Notes on week 3 of the Sequence Models class, part of Andrew Ng’s deep learning series on Coursera.

A language model computes a probability distribution over sequences of words in a language. It assigns a probability of a given word following a sequence of words.

Encoder-decoder

A basic machine translation system can be designed in two stages - an encoder and a decoder.

RNN Encoder-decoder

An encoder-decoder design can also be used for image captioning. In the diagram below, AlexNet is modified by chopping off the final softmax classifier, leaving a 4096-element vector that represents an encoding of the image. That encoding can then be fed to a decoder that models the probability of a phrase conditioned on the encoded image yielding the caption.

RNN Image captioning

Attention

The encoder-decoder design has trouble with longer sentences. A highly successful alternative is the attention model.

RNN Attention

A small NN is trained to produce an attention vector, alpha. At each step t in the output, alpha <t, t‘> gives a weight for each activation a<t‘> in the input specifying the degree of attention on the input words while producing that output word.

RNN Attention Mechanism

Date formatting

People format dates in a ridiculous variety of ways. The first exercise is to build a translation-with-attention model to reformat dates to the standard way, like so.

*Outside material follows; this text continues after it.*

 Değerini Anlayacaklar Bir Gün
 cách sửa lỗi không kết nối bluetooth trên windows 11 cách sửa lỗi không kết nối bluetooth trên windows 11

human readable standardized
3 May 1979 1979-05-03
5 April 09 2009-05-05
21th of August 2016 2016-08-21
Tue 10 Jul 2007 2007-07-10
Saturday May 9 2018 2018-05-09
March 3 2001 2001-03-03
March 3rd 2001 2001-03-03
1 March 2001 2001-03-01

Speech recognition

Humans, at least those with healthy young ears, can hear frequencies between 20 and 20,000 hertz. Interpretting those frequencies into words in the presence of background noise is one of those mysterious perceptual tasks that human brains and NN’s seem to do well.

RNN Spectrogram

The spectrogram shows three spoken words, “phone”, “activate” in a male voice, “activate” in a female voice. Our goal is to detect the word “activate” as if we wanted to wake-up a device similar to an Alexa. There’s a cool background-noise artifact with three clear harmonics that descend in pitch right before the first word and repeating after the last. It sounds like bird chirp.

RNN Trigger word network

It would be interesting to know more about the role of the 1D convolutional layer compared to attention.

Done!

And, just like that… we’re done! Thanks, Andrew Ng.